ACOMA (Ateliers de Construction de Matériaux) are a French microcar maker that operated between 1972 and 1984. The cars were designed by Émile Boussereau from Villeneuve-la-Comtesse and produced in Laval from 1970 to 1972 when manufacturing moved to Saint-Barthélemy-d'Anjou, near Angers until production stopped in 1984.

History
Boussereau was the local mechanic at Villeneuve-la-Comtesse and had been asked in 1970 by a young disabled person to make a car to get around town. He created the Comtesse. Acoma became aware of the vehicle and began manufacturing them from 1972 until 1979 as the Mini-Comtesse.

Models
The Acoma microcars were classified as an “L-Category” car in France. These were able to be driven without a driver's license. ACOMA were the largest manufacturer of this category of cars taking about 30% of the market share. The company made six different models during its existence.

Mini-Comtesse

The Mini-Comtesse was the smallest car produced. It was a single seater three wheeler with two training wheels at the front to improve stability. To comply with "L category" regulations the car had a pedal to propel the vehicle. Pushing down on the pedal would propel the car about one foot forward. The car had a conventional door on one side and folding gull wing door on the other to allow it to park in extremely confined spaces. The car was front-engine, front-wheel drive by a Sachs air-cooled 49cc single cylinder, 2-stroke, 3 bhp engine connected by a centrifugal clutch to a two speed gearbox with no reverse gear. It had a top speed of 20 mph. Production of the Mini-Comtesse ended in 1979. Paul Clement-Colin says they were powered by a Saxonette 47cc or Motobécane 50cc engine.

Super Comtesse
The 4 wheel Super Comtesse began production in 1978 and was powered by a Motobécane engine.

Comtesse Berline
The Comtesse Berline replaced the Super Comtesse in 1980.

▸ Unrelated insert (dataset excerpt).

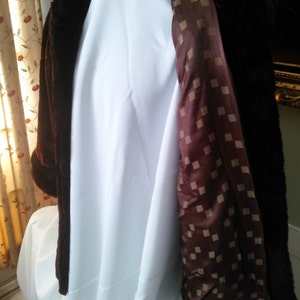 May include: A brown faux fur coat with a brown and white checkered lining. The coat is hanging on a white hanger.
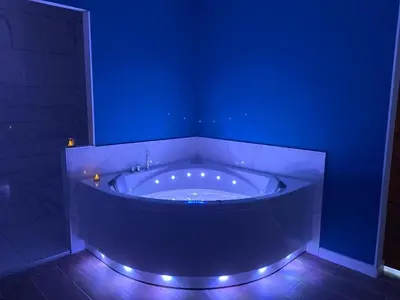a blue bathroom with a tub with lights in it at Bulles de bonheur - Carcassonne in Carcassonne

Mini-Comtesse: Sport, Coupé, and Station wagon
Three further models were produced in 1980 in conjunction with the Berline, the sport which was a targa top design, the coupe, and the wagon.

Starlette
The Starlette, a larger version of the coupe was released in 1982 with a 49cc engine.

Star
With the same body as the Starlette in 1982 but with a 125cc engine.

In culture
The French film director Pascal Rabaté occasionally used the Mini Countess in his feature films of 2010 (Les Petits Ruisseaux) and 2011 (Ni à vendre ni à louer). They were respectively shot in the departments of Maine-et-Loire and Loire-Atlantique.